= Walt Stannard =

Walt Stannard was the first pitlane commentator for live ESPN telecasts of Formula 1 races in 1987. He began his career in professional auto racing in 1976 as the Public Relations Director of Laguna Seca Raceway in Monterey, California. and retired from racing in 1998. During the intervening years, he was the executive director of the West Zakspeed Formula 1 Team, managed the Z1 Corvette team entry in the 1995 24 Hours of Le Mans endurance race for Doug Rippie Motorsports. He managed, as an executive of Campbell & Co., Ford Motorsport PR activities for NHRA, IMSA, and NASCAR teams as well as for drivers such as Dale Earnhardt, Bill Elliott, Tom Gloy, Klaus Ludwig and Bobby Rahal and worked as a journalist writing for magazines and newspapers including Competition Press & Autoweek, On Track, Race Car Engineering, and The Wheel.

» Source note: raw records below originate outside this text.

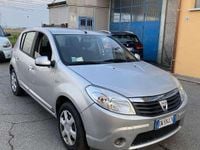 Usata Dacia Sandero Lauréate 75 CV (55 kW) 2009 Berlina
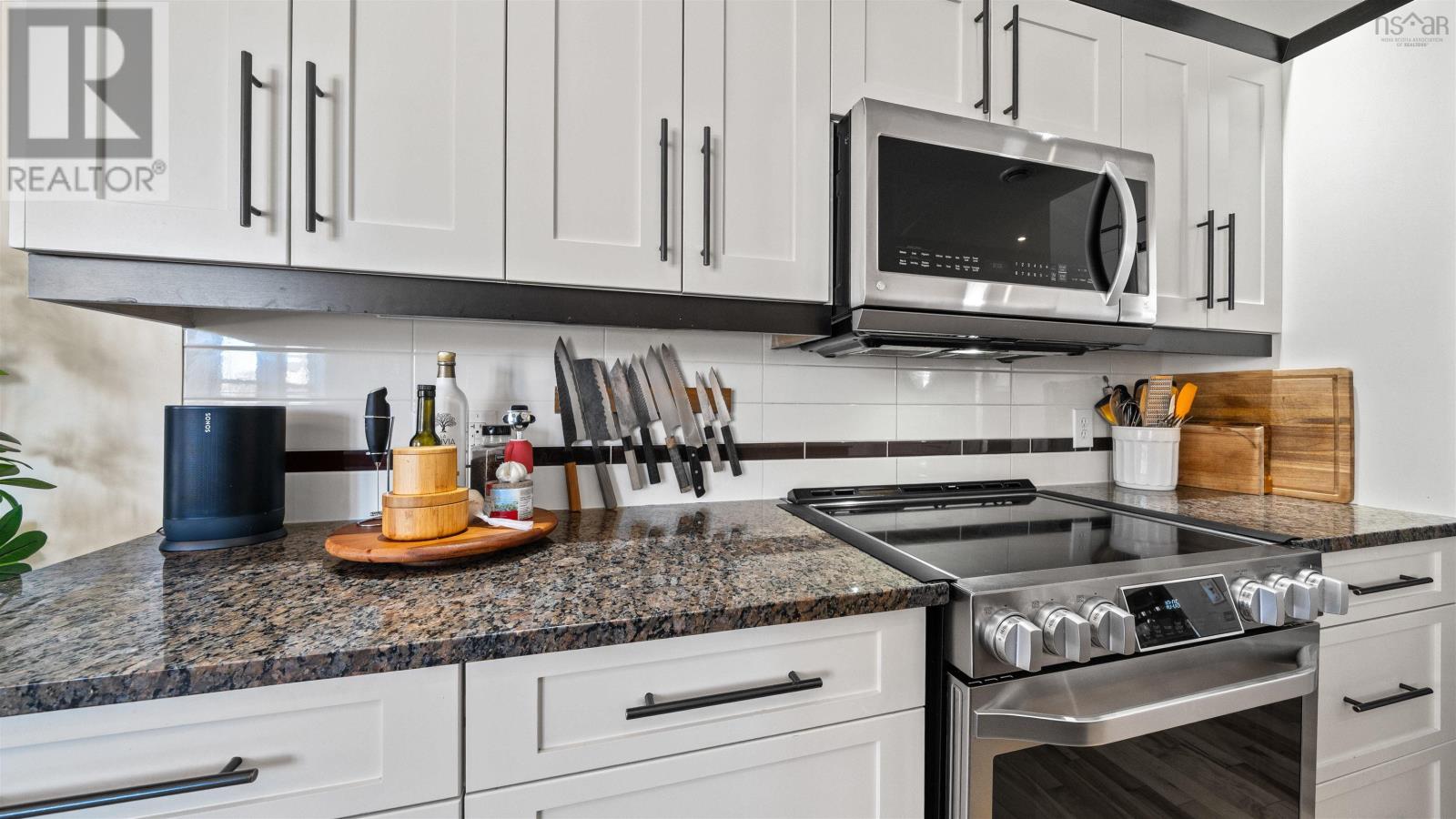 Property 16 of 49 of 8 HollyHock Way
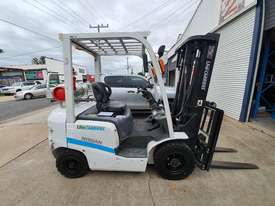 Nissan 2.5t container entry forklift, low hours. like new - picture2' - Click to enlarge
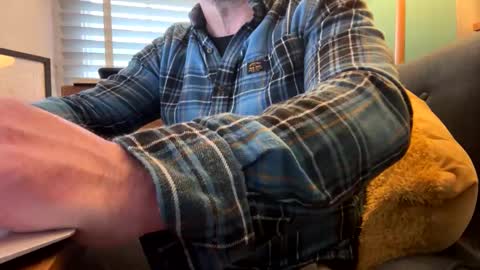 ukclive online show from February 3, 8:35 am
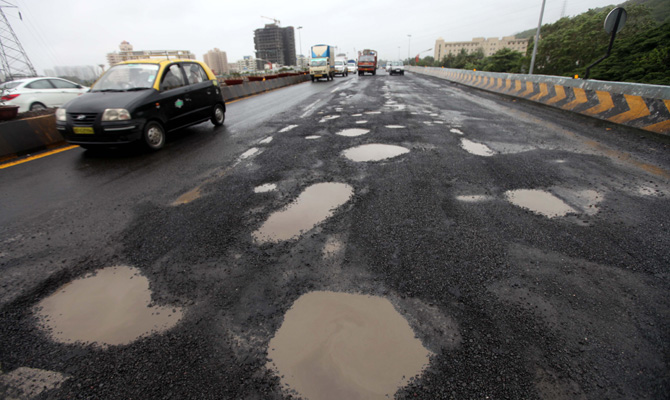 रस्त्यांची दैना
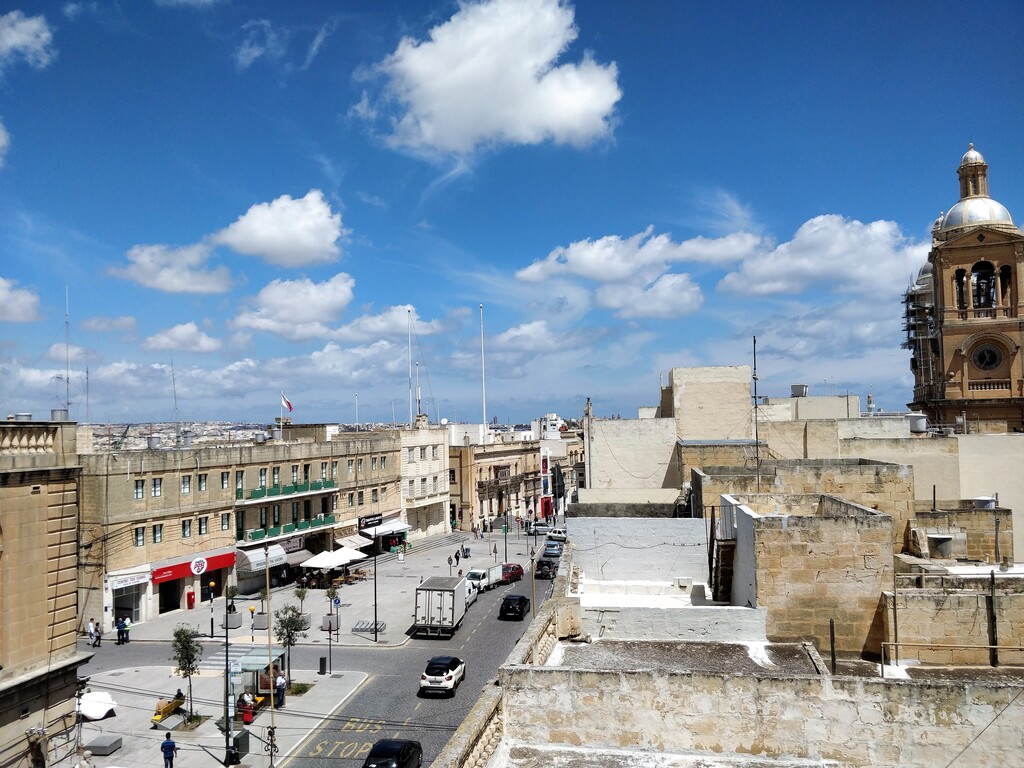 2 Bedroom Penthouse for Long Let in Paola - €1,750/month photo 23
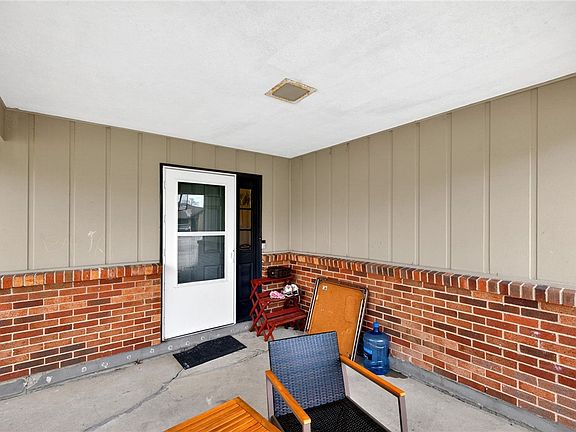 4th image of 8734 Shadycreek Dr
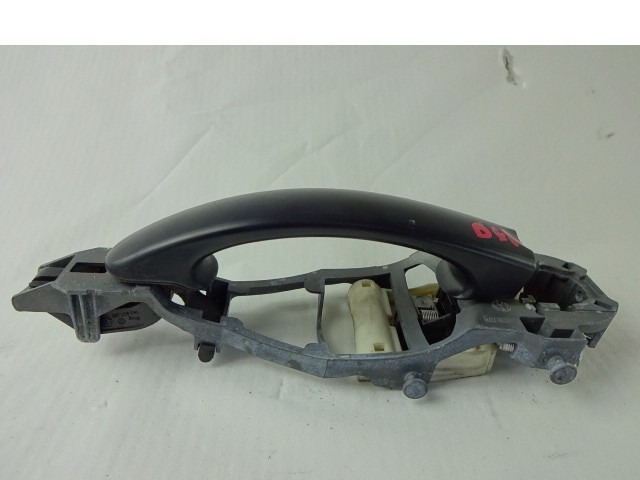 ZUNANJA KLJUKA SPREDNJA DESNA VRATA OEM N. 1K5837205AF ORIGINAL REZERVNI DEL VOLKSWAGEN GOLF PLUS 5M1 521 MK1 (2004 - 2009) BENZINA LETNIK 2006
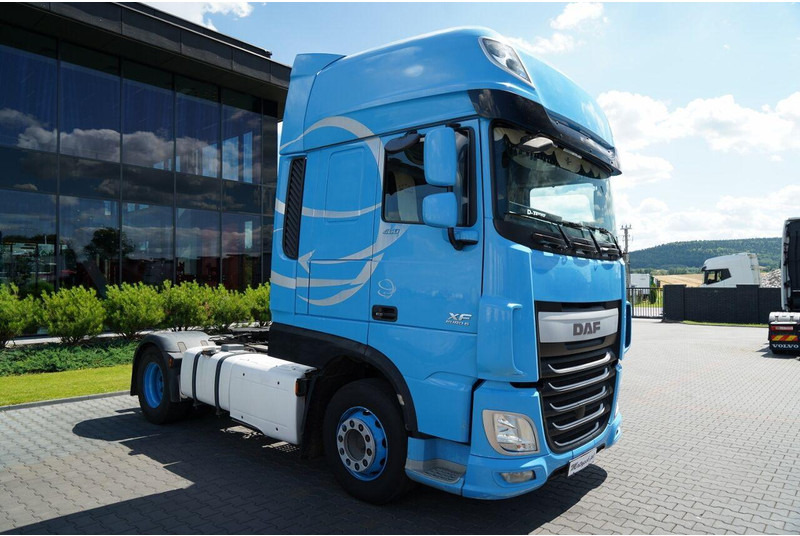 DAF XF 460 / SUPER SPACE CAB / RETARDER / EURO 6 / 2015 YEAR - Trækker: billede 3 DAF XF 460 / SUPER SPACE CAB / RETARDER / EURO 6 / 2015 YEAR - Trækker: billede 3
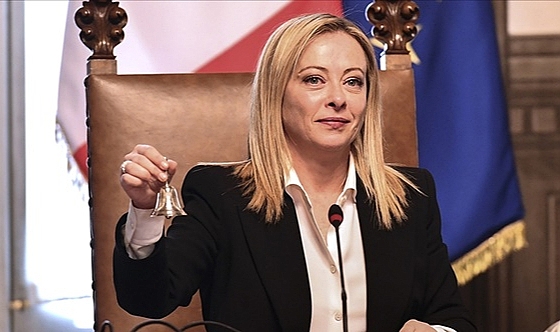 Meloni ilk aşamayı geçti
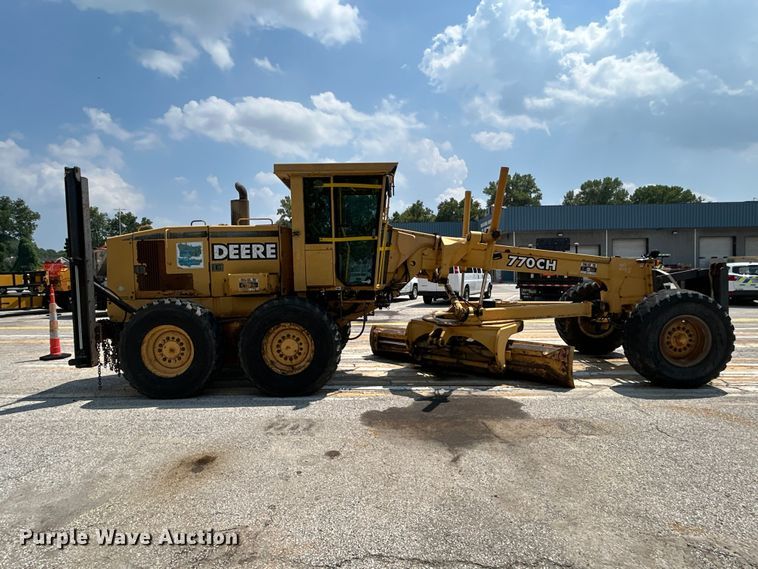image for item FT6078 2000 John Deere 770CH motor grader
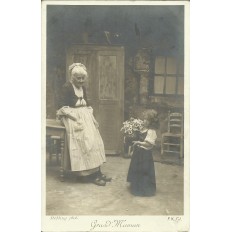 CPA: Grand'Maman, années 1900.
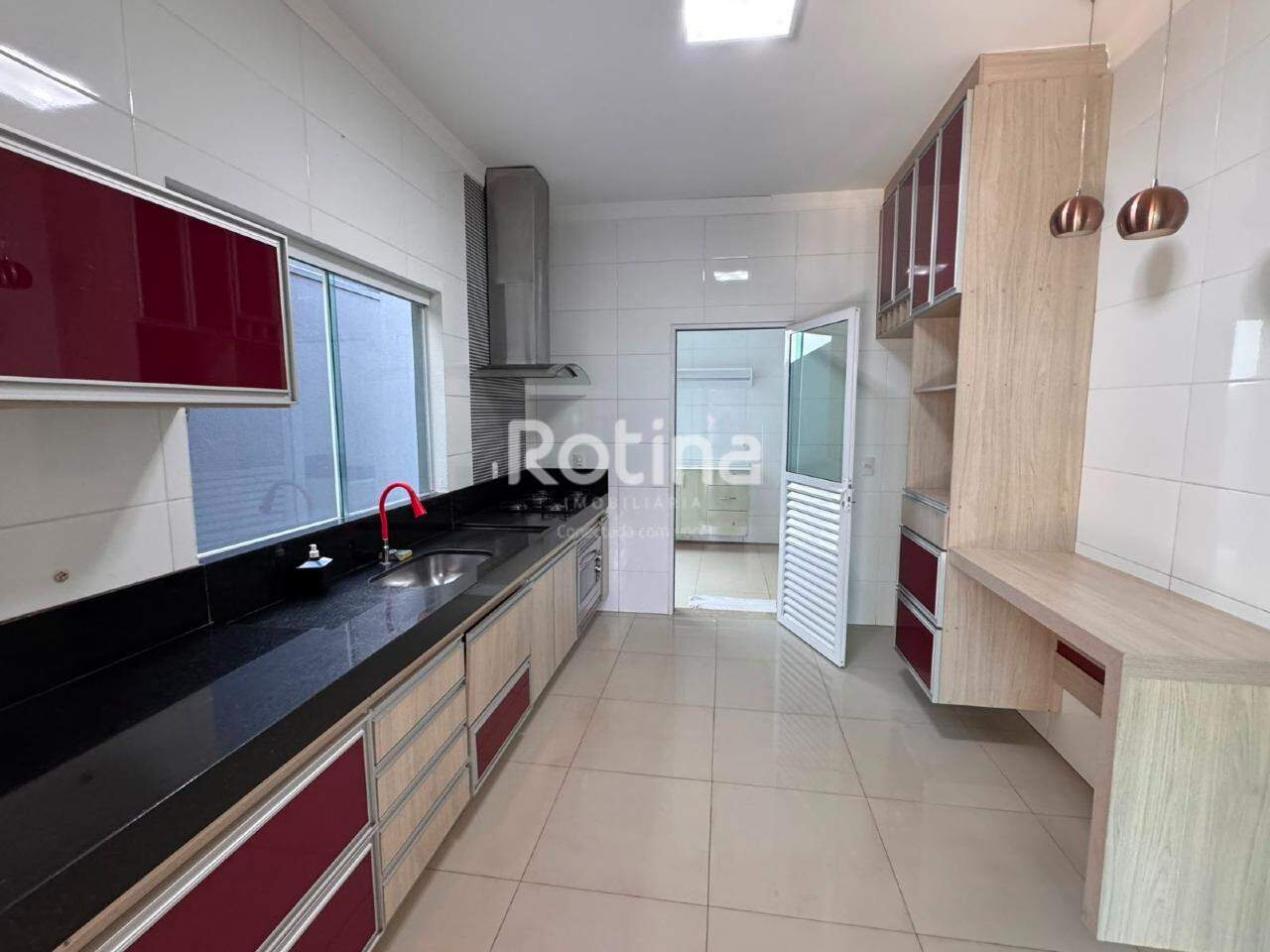 Casa à venda, 3 quartos em Uberlândia no bairro Novo Mundo no valor de R$ 949.900,00 - Rotina Imobiliária: 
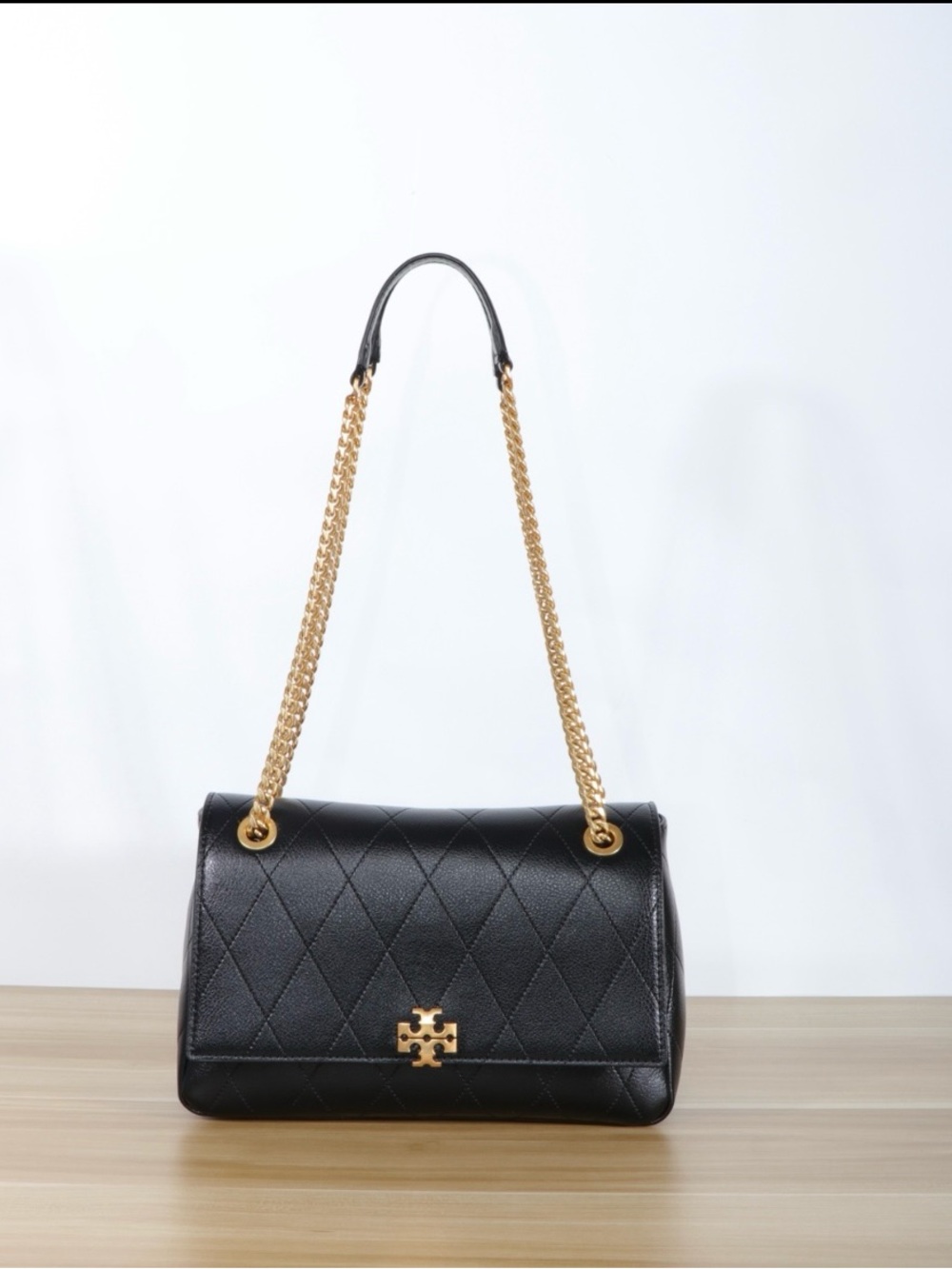 💕Tory Burch Black Quilted Shoulder Bag with Gold Hardware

He got his start in racing at Sports Car Club of America (SCCA) amateur events and won an SCCA championship driving a Morris Mini Cooper S in 1969, and was a championship runner-up with a Porsche 911 in 1975. He graduated from the University of California at Berkeley with a degree in History. He has lived in England and Germany, where he was involved in the start-up of NFL Europe, as well as in California and Michigan.